SANAYİ DÖNÜŞÜMÜ PROJESİ HAREKETE GEÇMELİ

İstanbul’un sanayi sektöründe açık farkla çok gelişmiş lider şehir olduğunun altını çizen Bahçıvan, şunları söyledi: “Nitelikli iş gücü oranının yüksek olması, altyapı olanakları, global lojistik ve pazar imkânları İstanbul’u sanayi yatırımları açısından hâlâ önemli ve çekici kılmakta. Bununla birlikte, başta İstanbul olmak üzere, ülkemizde, yeni yatırımlar için özellikle batı bölgelerimizde çok ciddi bir arazi sıkıntısı yaşanmakta, yeni yatırımlar için oluşan maliyetlerde en büyük kalemlerden birisini de arazi maliyeti oluşturmaktadır. Çözüm olarak İSO’nun uygun devlet arazilerinin özel sektöre uzun süreli kiralama yöntemiyle tahsis edilmesini sağlayacak “Emlak Sanayi” modeli hayata geçirilmelidir. Yine teknolojik yapısıyla gerek iç gerekse dış pazar rekabeti açısından kendisini geliştiren, yeterli bulan sanayi sektörleri de İstanbul çeperlerinde yer almalıdır. Bu amaçla, İstanbul’a yakın bölgelerde “endüstriyel kent” modeliyle tasarlanmış yeni nesil organize sanayi bölgelerinin hayata geçirilmesi önemli. Ayrıca İstanbul’da sanayi tesislerinin depreme dayanıklılık durumunu ortaya çıkaracak bir çalışma yapılması ve kentsel dönüşüme benzer bir “sanayi dönüşümü” projesinin süratle hayata geçirilmesi artık çok kritik ve elzem.” 

Sanayi ve Teknoloji Bakanı Mehmet Fatih Kacır

"MİLLİ TEKNOLOJİ HAMLESİ İLE İLK 10 EKONOMİDEN OLACAĞIZ"

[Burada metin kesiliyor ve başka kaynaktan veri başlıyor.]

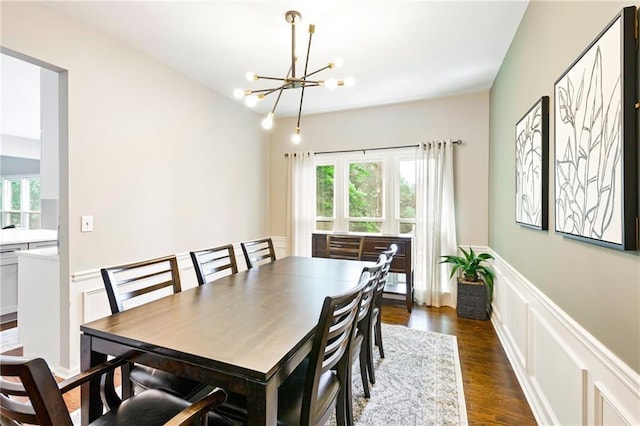 dining space featuring a chandelier, wainscoting, dark wood finished floors, and a decorative wall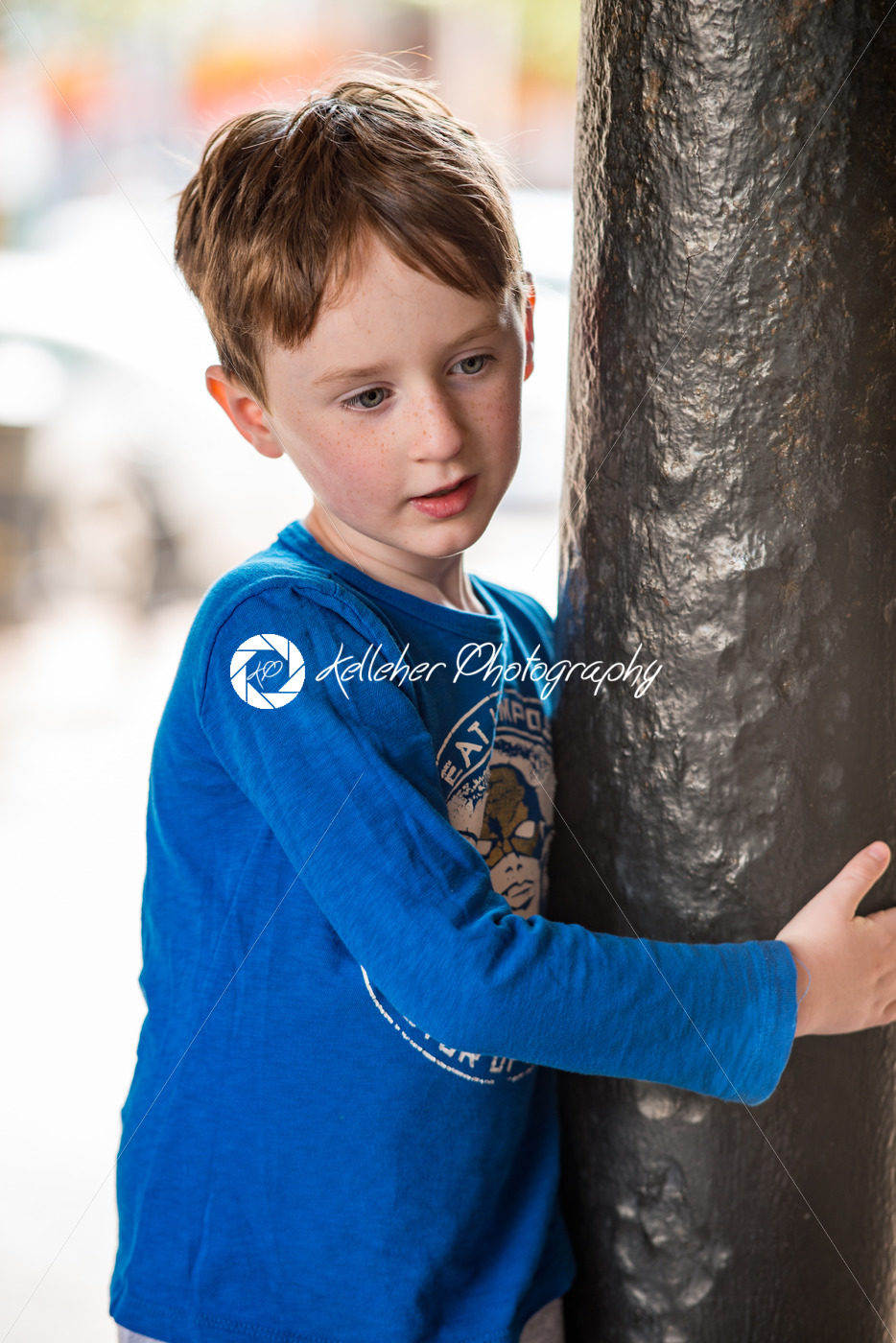 Young little boy portrait looking and smiling at the camera. - Kelleher Photography Store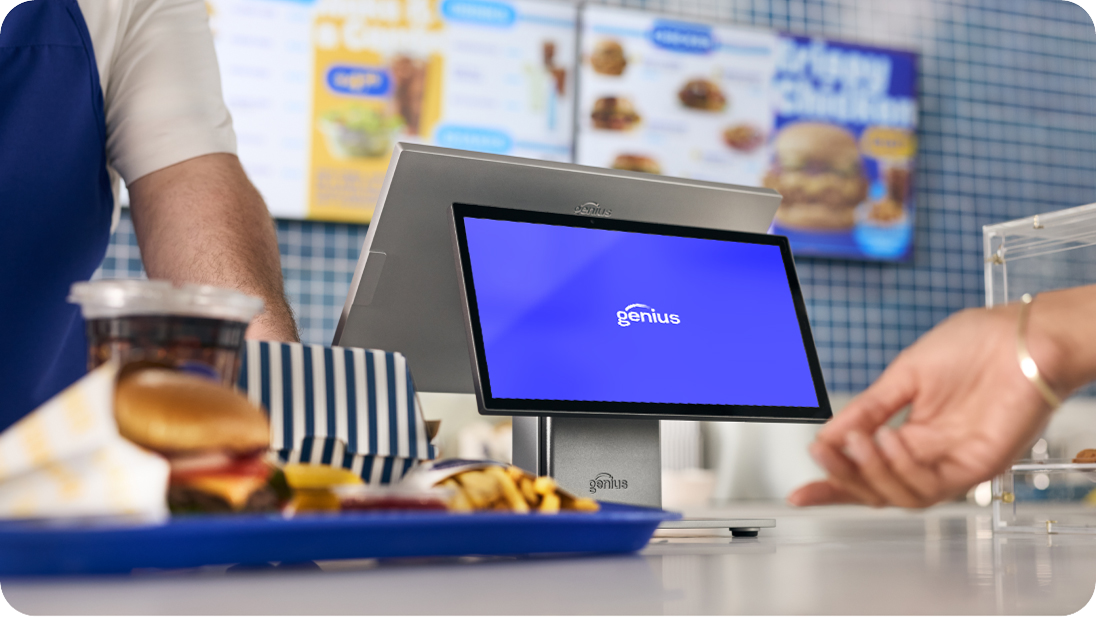 A Genius restaurant POS next to a tray of food in a QSR restaurant. Genius digital menu boards are in the background.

Sanayi ve Teknoloji Bakanı Mehmet Fatih Kacır şunları söyledi: “Sanayi sektörümüz, ülke kalkınmasının lokomotifi. İmalat sanayinin, ülkemizin ortalama büyümesinden daha hızlı büyümesini sağlamasını hedefliyoruz. Özellikle yüksek teknoloji üretimimiz, sanayinin genel ortalamasının da üzerinde büyüyor. Yüksek teknoloji ihracatımız geçen yıl 7,5 milyar Dolar idi. Bu yıl bu rakamın 10 milyar Dolar olmasını hedefliyoruz. Bunun için ülkemizde kendi teknoloji girişimlerimiz için 100’e yakın kuluçka programımız var. Teknolojide hedeflere ulaşmamız için paradigma değişimi şart. İHA’lar ile dünyada bir numara olduysak, bunu paradigma değişimine borçluyuz. Bu nedenle savunma sanayindeki başarımızı sivil alanlarda da yaygınlaştıracağız. Milli Teknoloji Hamlesi ile ülkemizin dünyanın en büyük ilk 10 ekonomisinden biri olmasını istiyoruz. Bunun için, akıllı ulaşımdan uzay alanına, enerjiden sağlığa pek çok alanda adımlarımız sıkılaşacak. Örneğin TOGG, ülkemizin yeni nesil sanayi politikasının somut örneği oldu. Uçtan uca kamu himayesinde gerçekleştirilen bir özel sektör girişimi oldu. Dolayısıyla gelecekte ülkemizi, Lider Milli Teknoloji Girişimleri olan 5G Haberleşme Teknolojileri, Batarya, Güneş Enerjisi Teknolojisi, Rüzgar Türbünleri, Yüksek Hızlı Tren, Uçan Akıllı Mobilite, Biyoteknolojik İlaçlar, Akıllı Tıbbi Cihazlar, Endüstriyel Robotlar, Yeni Nesil Uydu Girişimi, Teknolojik Gıda Girişimi ve Finansal Teknolojilerde, en az 12 TOGG ile tanıştırabiliriz.”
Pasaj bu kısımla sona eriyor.